Claims Data Compares Safety, Effectiveness of Apixaban vs Rivaroxaban in AFib and Valvular Heart Disease

Article
Ghadeer K. Dawwas, MSc, MBA, PhD

Ghadeer K. Dawwas, MSc, MBA, PhD

An analysis of 7 years’ worth of claims data from a commercial health insurance database suggests apixaban was associated with a lower risk of ischemic stroke or systemic embolism and for bleeding than rivaroxaban among people with atrial fibrillation (AF) and valvular heart disease.

A population-based study with a new-user, active comparator design, the National Institutes of Health-funded endeavor was launched with the intent of emulating a target trial to provide clinicians with further insight into comparative effectiveness and safety of the direct oral anticoagulants in patients with AF and valvular heart disease.

“We emulated a target trial using practice-based claims data and found that patients with AF and VHD who were new users of apixaban had a lower risk for ischemic stroke or systemic embolism and a lower risk for bleeding compared with rivaroxaban,” investigators wrote. “Until evidence from randomized controlled trials become available, we believe clinicians should consider our findings when selecting anticoagulants in patients with AF and VHD.”

Citing the lack of direct comparisons of the agents in patients with AF and valvular heart disease, a team from Perelman School of Medicine at the University of Pennsylvania led by Ghadeer K. Dawwas, MSc, MBA, PhD, conducted the current study with the intent of emulating a target trial of effectiveness and safety of apixaban and rivaroxaban in the aforementioned population. With this in mind, investigators leveraged Optum’s deidentified Clinformatics Data Mart Database to identify a patient population for their new-user, retrospective, active-comparator study.

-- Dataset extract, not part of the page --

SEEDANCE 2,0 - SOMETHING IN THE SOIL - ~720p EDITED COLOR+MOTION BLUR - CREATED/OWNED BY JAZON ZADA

Investigators sought to identify those with a first-recorded prescription of apixaban or rivaroxaban perscription with a diagnosis of both AF and valvular heart disease based on ICD-9 or -10 codes. Additional inclusion criteria required patients to be at least 18 years of age and have at least 12 months of continuous enrollment in medical and pharmacy benefits prior to cohort entry. Patients were excluded if they had end-stage renal disease, hip or knee replacement, stroke, systemic embolism, bioprosthetic heart valve replacement, or mechanical heart valve replacement. Users of dabigatran, edoxaban, and warfarin as well as users of dual or triple antithrombotic therapy were excluded from the study.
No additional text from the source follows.